15 Apr / Pearl of China by Anchee Min [in Library Journal]
Min opens her latest with guilty sobs recalling her “brainwashed” teenaged self in 1970s China, when she was forced to denounce Pulitzer and Nobel prize-winning writer Pearl S. Buck to Madame Mao. That guilt clearly drove Min (Red Azalea) to write this “based on the life of Pearl S. Buck” novel about a fictional friendship between Buck and her Chinese best friend, Willow. Unfortunately, by book’s end readers are left with little more than caricatures of a Chinese Saint Pearl and her long-suffering sidekick, both ultimately victims of the easily vilified Madame Mao. Buck and Willow bond as turn-of-the-century girls, and Min uses their lifelong relationship to chart China’s tumultuous history.

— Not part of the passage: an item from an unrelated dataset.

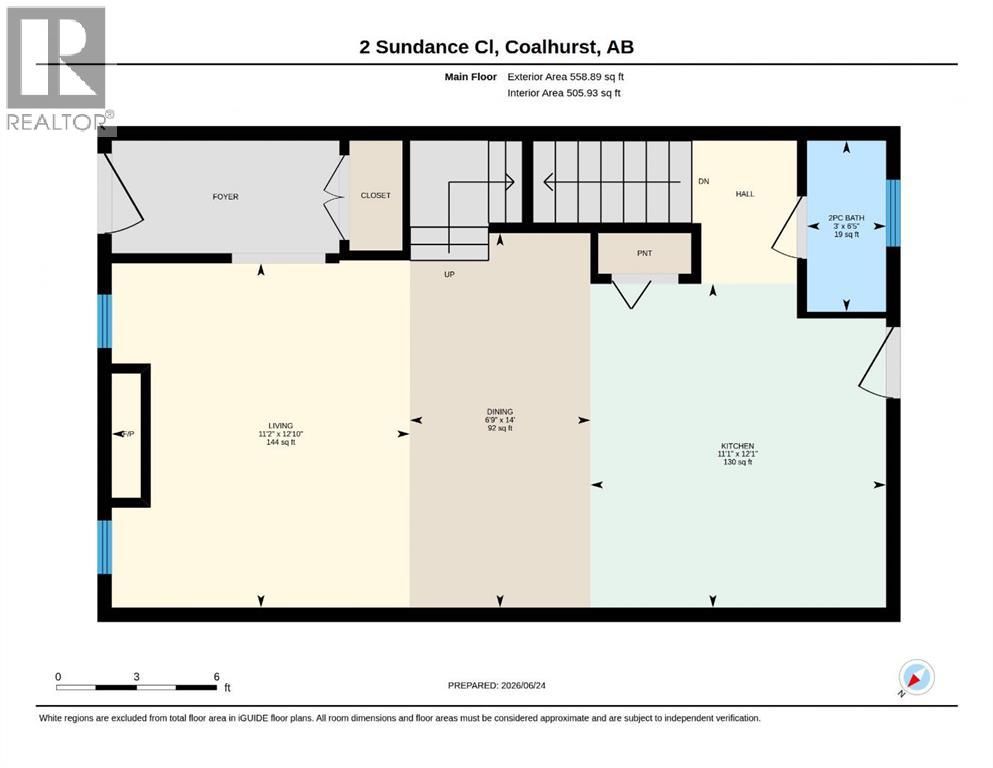 2, 3814 Sundance Close Close, Coalhurst, Alberta  T0L 0V0 - Photo 33 - A2324430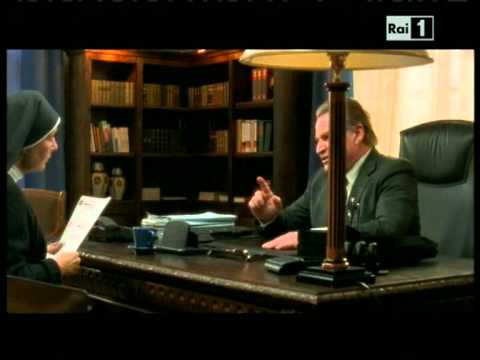 Un Ciclone in Convento -- 4x09 - Il Santo Quark 2/3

Verdict: A novel about Buck could have been interesting, but this one is marred by insipid dialog (Buck’s husband should be more understanding because of his Cornell degree, her would-be lover wants to know if she “love[s] like a Chinese woman”), jolting gaps (Buck’s adopted daughter, Janice, disappears after one mention), and apocryphal pronouncements (Buck apologizes via “Voice of America” for casting Western actors in Hollywood’s whitewashed version of The Good Earth). Buck’s story deserves better. With two autobiographies and 80-plus titles to choose from, readers can easily access Buck directly.